Mi Hummel 28/12/2013
Em busca de uma identidade através do odor.
“(...)Seria capaz de criar um perfume não só humano, mas sobre-humano; um perfume angelical, tão indescritivelmente bom e pleno de energia vital, que quem o respirasse ficaria enfeitiçado e quem o usasse amaria Grenouille de todo o coração. Sim, era preciso que o amassem, quando estivessem debaixo do sortilégio do seu perfume; não apenas que o aceitassem como um deles, mas que o amassem até à loucura, até ao autosacrifício, que estremecessem de delírio, que gritassem, que chorassem de volúpia sem saber porquê, era preciso que caíssem de joelhos como ante o odor frio de Deus, sempre que o cheirassem, a ele,Grenouille!"

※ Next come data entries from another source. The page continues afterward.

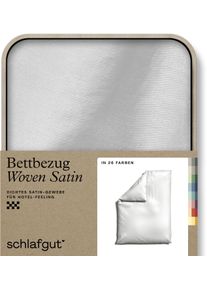 Bettbezug Schlafgut "Woven Satin", wei&szlig; (full, wei&szlig;), L:200cm, Mako-Satin, Obermaterial: 100% Baumwolle, Bettbez&uuml;ge, Bettbezug, besonders dicht gewebt, Mix & Match: passender Kissenbezug erh&auml;ltlich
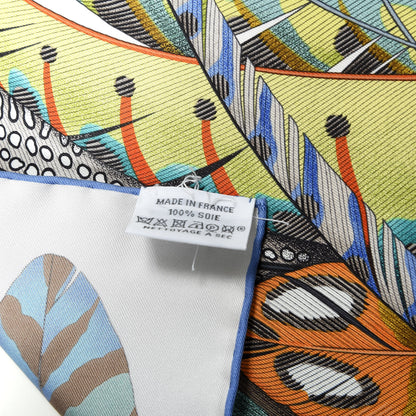 Hermes Silk Plumes En Fete Scarf 90 Blanc Turquoise Multicolor 2 of 4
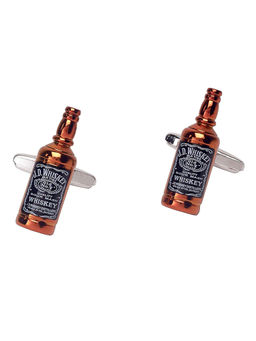 The Tie Hub - Whisky Bottle Orange Cufflinks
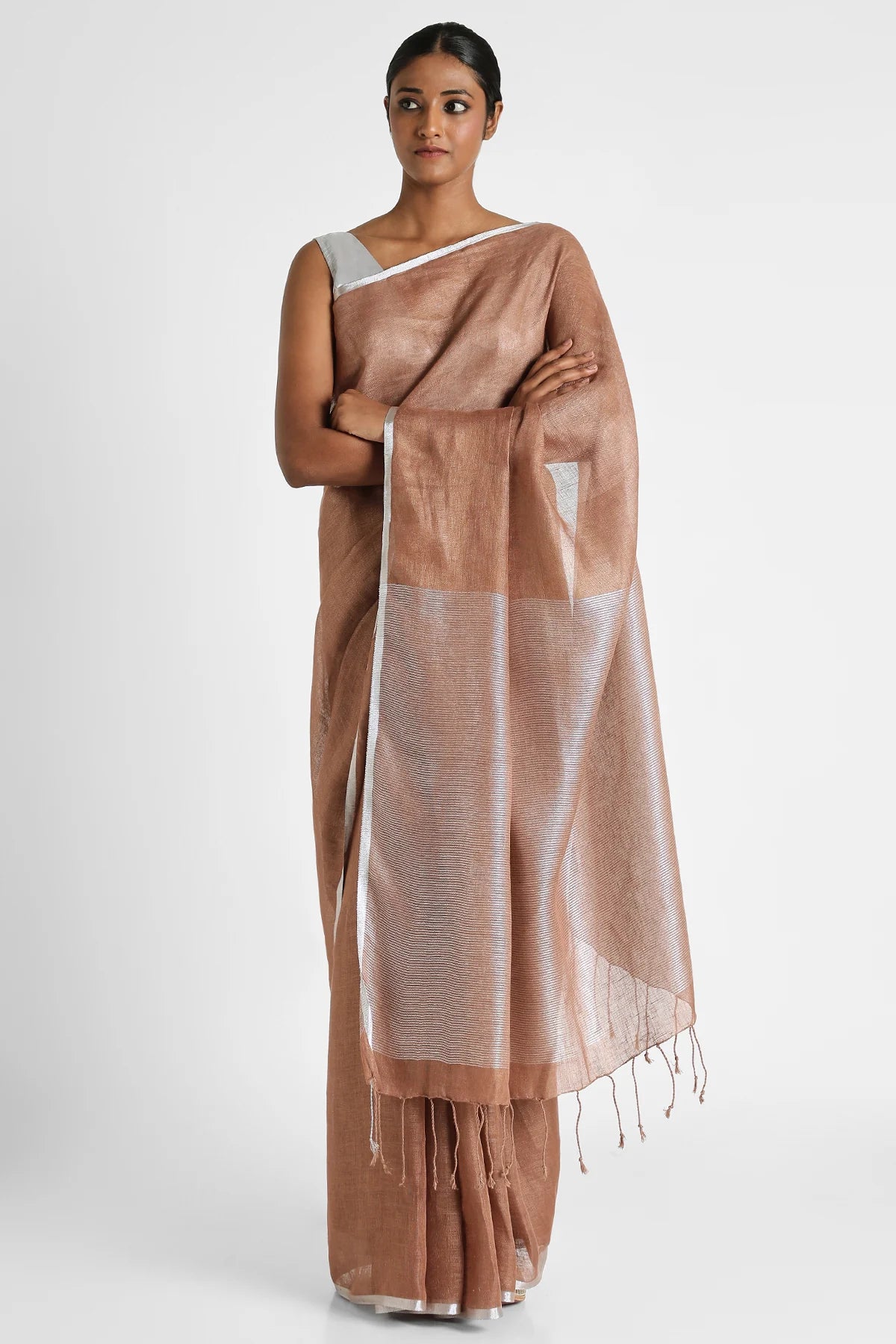 Cinnamon Linen Saree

Primeiro eu havia assistido ao filme.
E, como acontece na maioria das vezes que me deparo com uma obra assim, acabo não a admirando de primeira.
Interessante. Acredito que vamos amadurecendo até mesmo em questão de leitura. Ao ponto em que conseguimos ler algo de mente aberta, atentos aos significados e correlações psíquicas mais profundos e, aquela obra, de princípio rejeitada, passa a ter o seu valor. E como é grandioso o seu valor!
Lembrei do filme por ocasião de minha dissertação de final de curso. Que, ora! Falava sobre o perfume enquanto mercadoria de reconhecimento. E deu-se o estalo! Li o livro em questão de horas, devorando, engolindo abruptamente e aos trancos.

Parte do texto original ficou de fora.